The chief advantages of cloud solutions—namely, reduced capital expenses, increased responsiveness, and subscription-based pricing—are definitely compelling for many SMBs. And in large part, SMBs are responding. According to a 2011 study of cloud adoption trends released by Microsoft Corp., 39 percent of SMBs plan to use the cloud for one or more services within three years. On average, those SMBs that pay for cloud solutions will be opening their wallet for more than three cloud-based services.
Yet despite the burgeoning popularity of cloud solutions, channel partners shouldn’t think that the cloud is an easy sell. For customers, accepting the concept is often a difficult proposition, especially for those who have security concerns or who are simply accustomed to having their IT assets close at hand. To sell cloud-based solutions, channel partners need to take a services-based approach to IT—a strategy that requires a more consultative relationship with customers. For channel partners, it’s not so much about products; rather, they need to delve into their customers’ problems first and then suggest the appropriate cloud-based solutions that address those specific problems.
Any cloud sell should first begin with customer education, but be sure to leave out the technical nitty-gritty. While arguably the most dominant trend in IT, the cloud is also a victim of its own success. “There is confusion on what ‘cloud’ is due to vendor marketing hype,” says Earle Humphreys, CEO of ITEEx, a provider of channel development and consulting services for vendors and VARs in Conroe, Texas. In effect, cloud solutions are the same as on-premises solutions, except that they are delivered remotely over the Internet. As such, Humphreys adds, the cloud isn’t a radical departure from traditional IT, and yet that is often the prevailing message that many SMBs receive. “The computing model has been around for decades,” he adds. “In fact, large vendors were doing virtualization [an enabling cloud technology] in the ’70s.”
While the concept of cloud computing isn’t new, it does introduce a different way to obtain IT resources. This is why Terry Wise sees change management as one of the first areas that channel partners must address when selling cloud solutions. “This is a different model,” says Wise, who is director of partner programs for Amazon Web Services (AWS), a provider of infrastructure Web services based in Seattle. “Instead of having servers in their own data center, they have virtual Internet capacity that is not within their four walls.” One of the best strategies for getting SMBs on board with cloud computing is helping them choose the right application to get started, and then get them comfortable with the implementation process. As Wise sees it, showing SMBs specific cost savings will only get channel partners so far. “At the end of the day, speed to market is really what hooks customers,” he asserts.
For risk-averse SMBs, channel partners should emphasize the evolutionary rather than revolutionary aspect of the cloud.
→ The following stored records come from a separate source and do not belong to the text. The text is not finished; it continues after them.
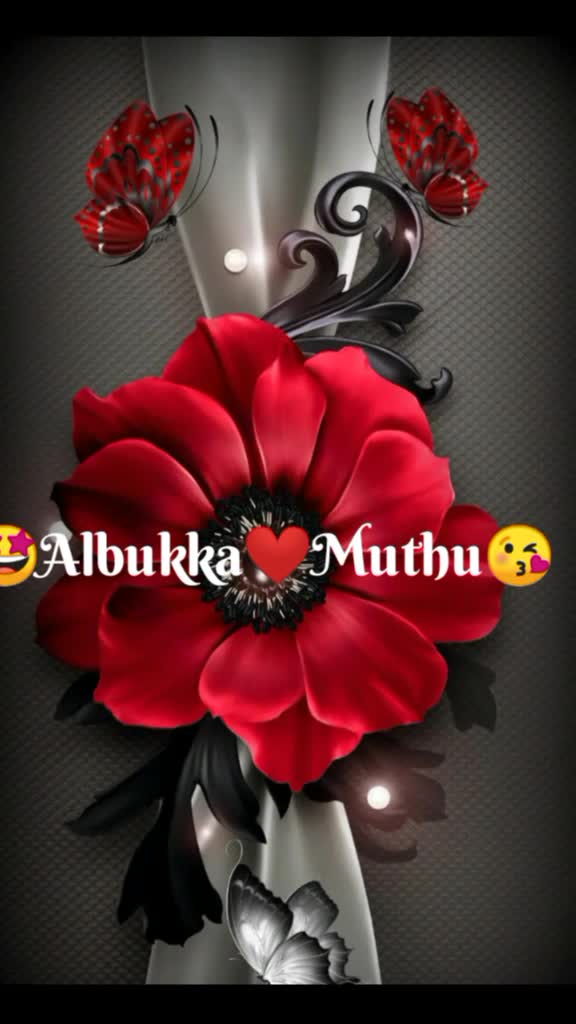 @albukka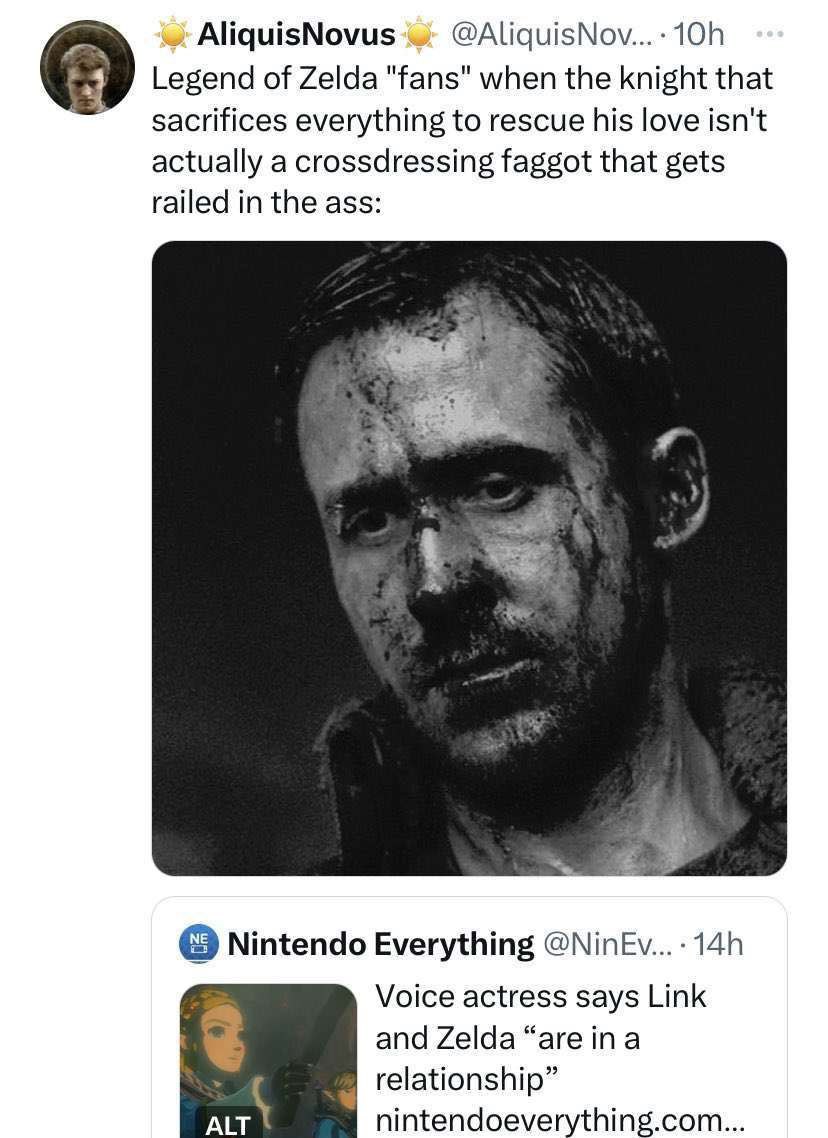 AliquisNovus Legend of Zelda "fans" when the knight that sacrifices everything to rescue his love isn't actually a crossdressing faggot that gets railed in the ass: Nintendo Everything Voice actress s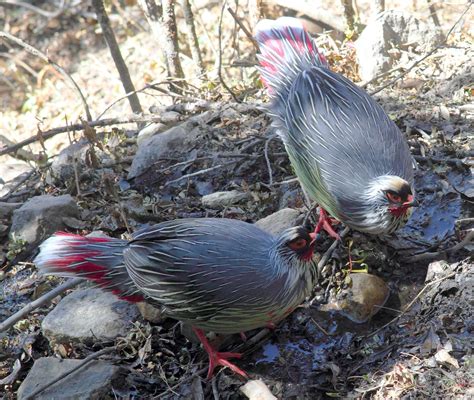 Blood Pheasant | Natural Atlas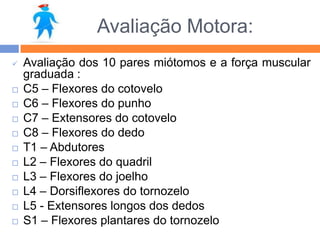 Avaliação Motora:
 Avaliação dos 10 pares miótomos e a força muscular
graduada :
 C5 – Flexores do cotovelo
 C6 – Flexores do punho
 C7 – Extensores do cotovelo
 C8 – Flexores do dedo
 T1 – Abdutores
 L2 – Flexores do quadril
 L3 – Flexores do joelho
 L4 – Dorsiflexores do tornozelo
 L5 - Extensores longos dos dedos
 S1 – Flexores plantares do tornozelo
After all, most SMBs aren’t keen on being technology trailblazers, but they do want to stay up to date with IT if it improves how they operate their business. In this vein, Jags Raghavan, vice president of business development for 8KMiles, a cloud services provider in Hamilton, N.J., recommends focusing on relatively simple systems and applications first. “You don’t want to take the most complex system and move it to the cloud,” he says, adding that the most expedient way to demonstrate the cloud’s value is to migrate the low-hanging fruit such as email or collaboration systems to the cloud first. The functionality of existing on-premises systems can often be replicated in a cloud environment without much of a learning curve; channel partners then have a tangible cloud-based project with which to calculate ROI or show SMBs how to leverage the cloud for their business.
In addition, speed-to-market advantages can best be demonstrated with familiar applications and systems. In fact, Humphreys recommends that channel partners show first how their cloud solutions are related to what they already offer on premises. “Position the offering as an option to your on-premises solution, as it helps your client relate to it by something they understand,” he says.
Cloud-based solutions can also be introduced incrementally and for a short period of time, making many such solutions less risky than on-premises versions, according to Jeff Kaplan, managing director at THINKstrategies, an IT consulting firm in Wellesley, Mass. “There are no worries about vendor lock-in up front,” he says. “SMBs that make a bet on a traditional application or system have to put up the money up front, and there is no return policy.” With cloud applications, many vendors provide free 30-day trials or at the very least good visibility into how such applications operate online. “You can pilot cloud solutions to see how you like it, or acquire solutions in small increments and then expand the usage as needed,” Kaplan says, thereby limiting the risk of investing in technology that either no one will use or that doesn’t quite satisfy an organization’s needs.